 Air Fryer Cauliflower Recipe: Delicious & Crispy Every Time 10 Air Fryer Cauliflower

================================

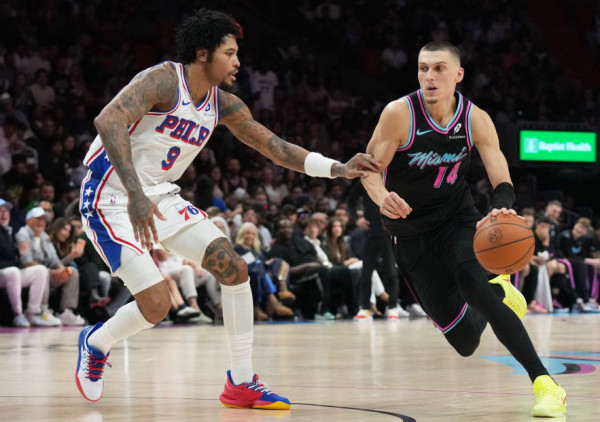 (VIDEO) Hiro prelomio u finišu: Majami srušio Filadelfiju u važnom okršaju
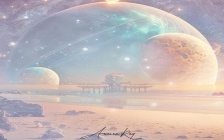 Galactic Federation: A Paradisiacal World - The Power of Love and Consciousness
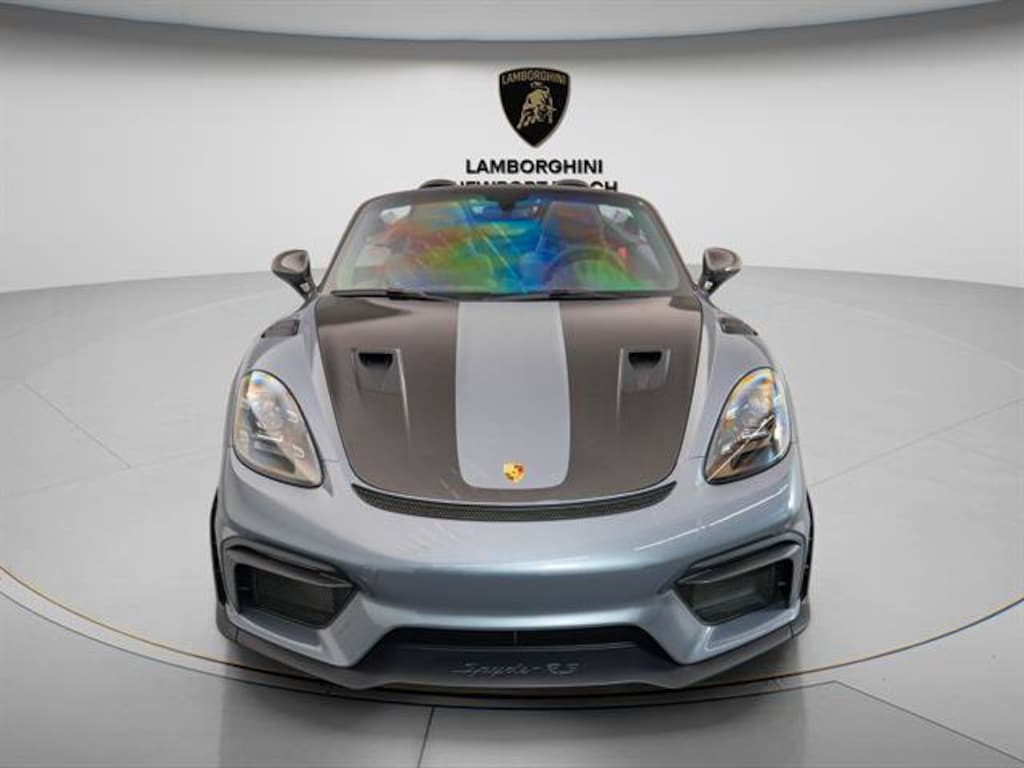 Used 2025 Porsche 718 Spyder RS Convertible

================================

EXERCISE AIM
Starting at the line that contains "Galactic Federation: A" and ending at the line that contains "Used 2025 Porsche 718 Spyder RS Convertible", transcribe the material above exactly, excluding pictures.

YOUR SOLUTION
 Galactic Federation: A Paradisiacal World - The Power of Love and Consciousness
 Used 2025 Porsche 718 Spyder RS Convertible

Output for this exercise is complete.